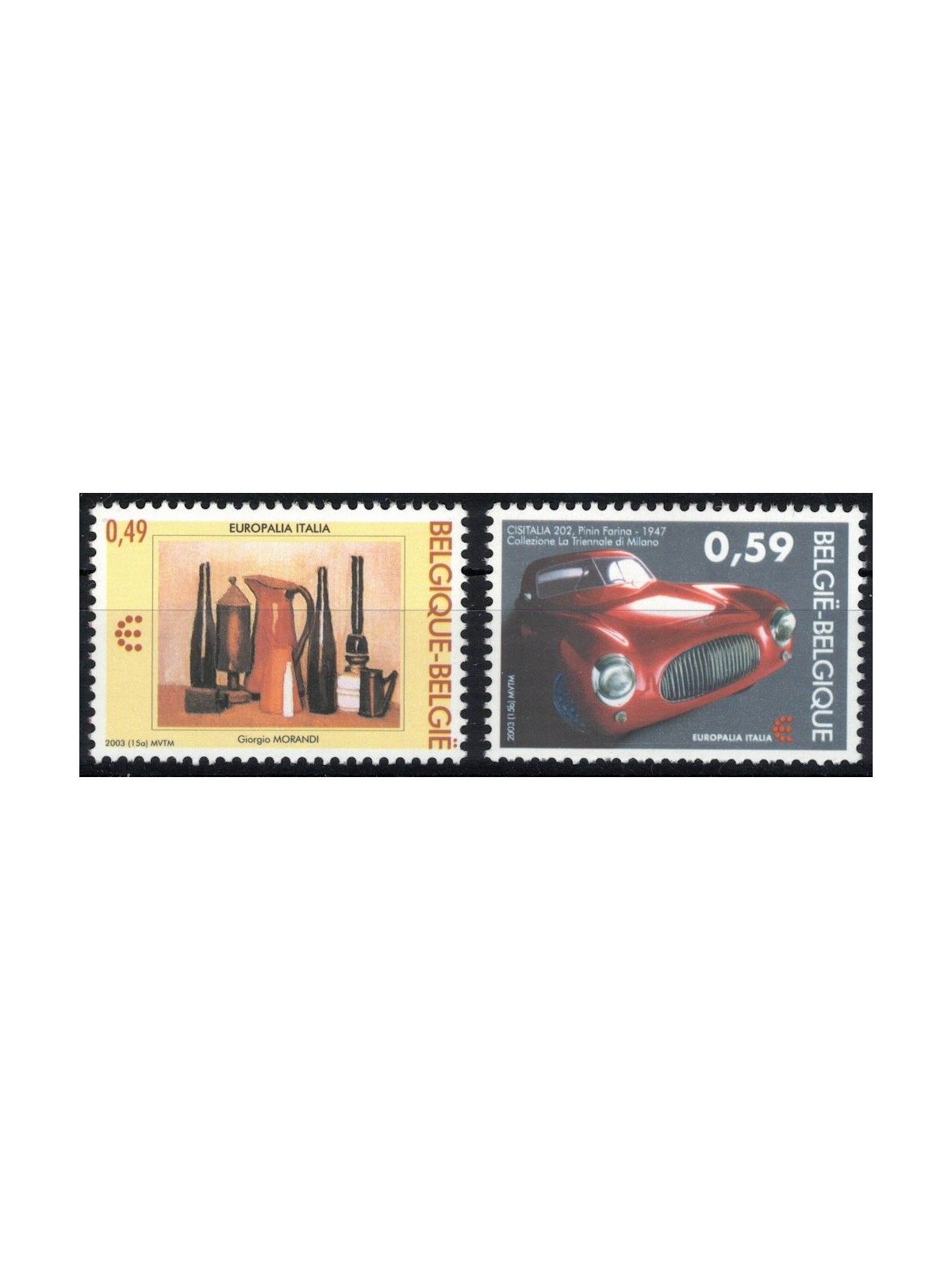BELGIO 2003 Europalia 2v MNH**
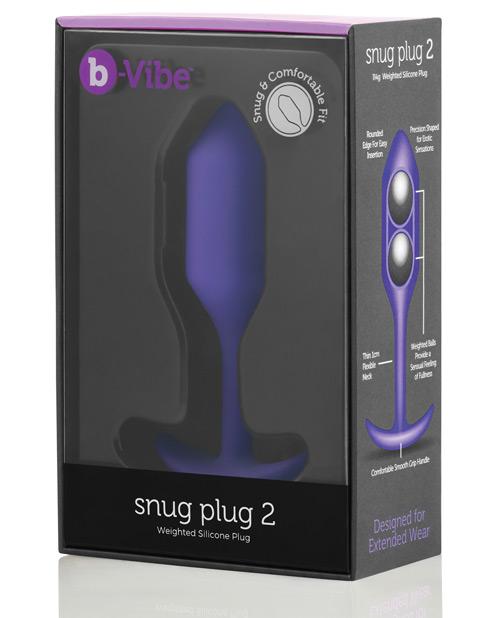 b-Vibe Weighted Snug Plug 2 - 114 g - Slightly Legal Toys - b-Vibe Weighted Snug Plug 2 - 114 g Butt Plugs Cotr INC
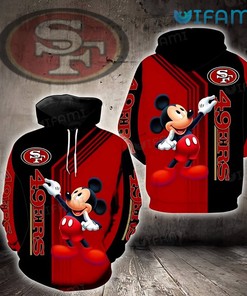 Pittsburgh Steelers Mickey Hoodie with Bold and Funny Design
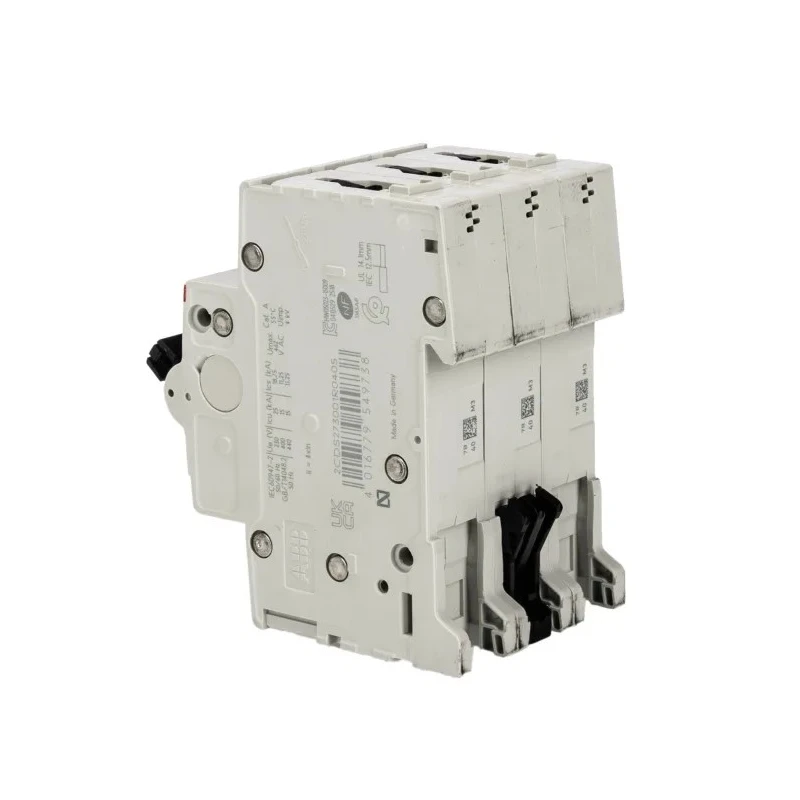 ABB System Pro M Compact S200M Miniature Circuit Breaker, 3-Pole, 40A, Type B, 440V AC, 12V DC 2CDS273001R0405 S203M-B40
---
> _Task prompt_
Nothing but the lines from the first line of the listing above to the line containing "Pittsburgh Steelers Mickey" should appear in the answer, each one exact and with no pictures.

> _Answer_
BELGIO 2003 Europalia 2v MNH**
 b-Vibe Weighted Snug Plug 2 - 114 g - Slightly Legal Toys - b-Vibe Weighted Snug Plug 2 - 114 g Butt Plugs Cotr INC
 Pittsburgh Steelers Mickey Hoodie with Bold and Funny Design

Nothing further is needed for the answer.